Contest: Division 1
Contest: Division 2
Contest: Division 3
Contest: Division 4
Author: mshcherba
Tester: raysh_07
Editorialist: iceknight1093
Square-root decomposition, segment trees, binary search
You have an array A of length N, all of its elements being \leq M.
Process Q updates and queries on it:
- Point updates: given x and y, set A_x := y
- Range queries: given L and R, greedily partition the array [A_L, A_{L+1}, \ldots, A_R] into subarrays, each time picking the largest prefix whose sum doesn’t exceed M.
Find the number of subarrays in this partition.

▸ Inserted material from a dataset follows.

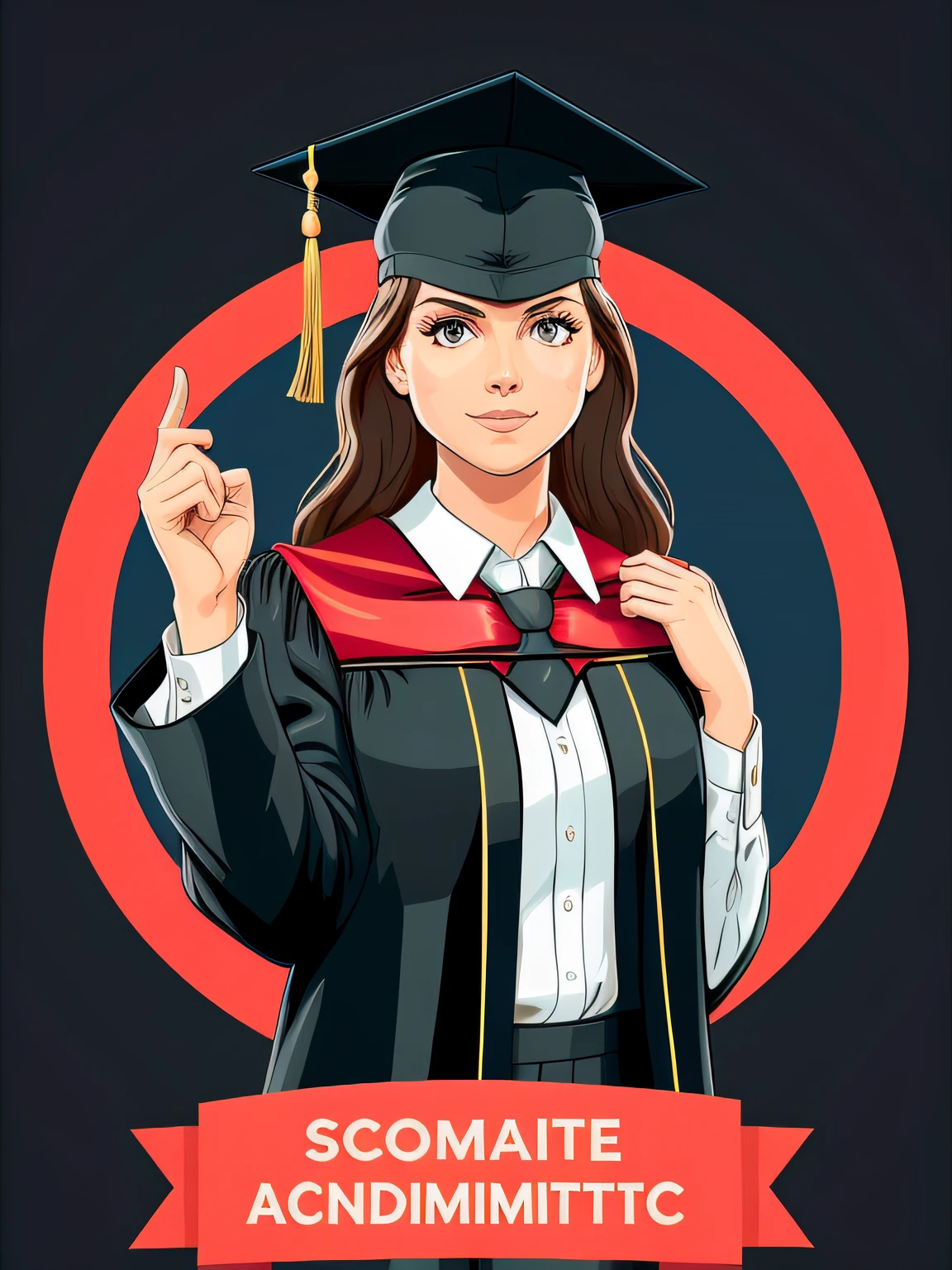 a vector art of a graduate dabbing with confidence and poise. Depict the graduate leaning forward gracefully into the bent crook of a slanted, upward-angled arm, displaying a sense of self-assurance. Show the opposite arm raised out straight in a parallel direction, adding a touch of elegance and balance to the pose. Use smooth and refined lines to convey the graduate's sophistication and accomplishment. Add subtle details, such as a diploma and a graduation stole, to signify the academic achievement. Surround the graduate with a backdrop of a graduation ceremony, complete with graduates in their caps and gowns, faculty members, and a university logo. Use a mix of refined and muted colors to create a sophisticated and memorable illustration, isolated, black background, in the style of 0mib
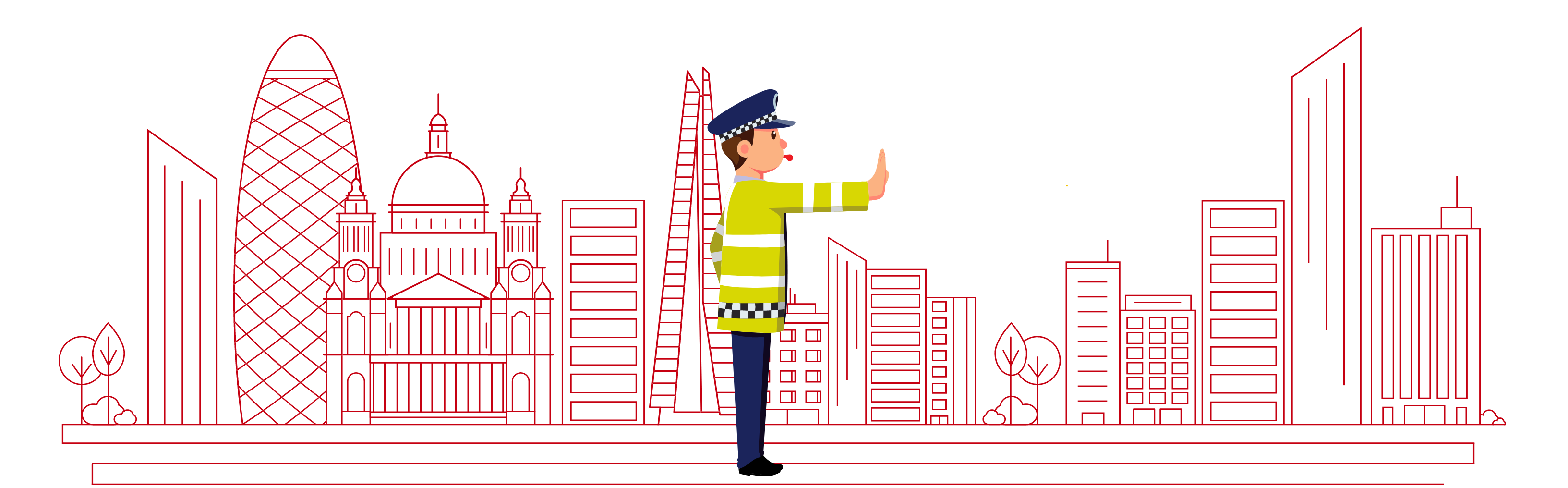 Graphic showing a male traffic officer in front of a city skyline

Let’s first try to solve a simpler version of this task: one where there are no point updates.
Let \text{jump}[i] denote the index we end up at if we take the longest possible subarray starting from i with sum \leq M.
Finding all the \text{jump}[i] values isn’t too hard, for instance with binary search or a two-pointer algorithm.
Then, to answer a range query (L, R), we must repeat the following process:
- Let our current index be x. Initially, x = L.
- Go from x to \text{jump}[x] + 1, and increment the answer by 1.
This represents the entire operation of taking a bucket and filling it as much as possible, then going to the next starting point. - Repeat the above process as long as x \leq R.
This still takes \mathcal{O}(N) time (per query), of course.
However, it’s easily improved to \mathcal{O}(\log N): since we only care about the number of jumps till we exceed N, we can use binary lifting.
That is, for each index i and each integer j, compute the position you reach if you jump 2^j times. Note that we only care about j \leq \log_2 N, so this is \mathcal{O}(N\log N) memory and time (since the jumps of length 2^j can be computed as two jumps of length 2^{j-1}).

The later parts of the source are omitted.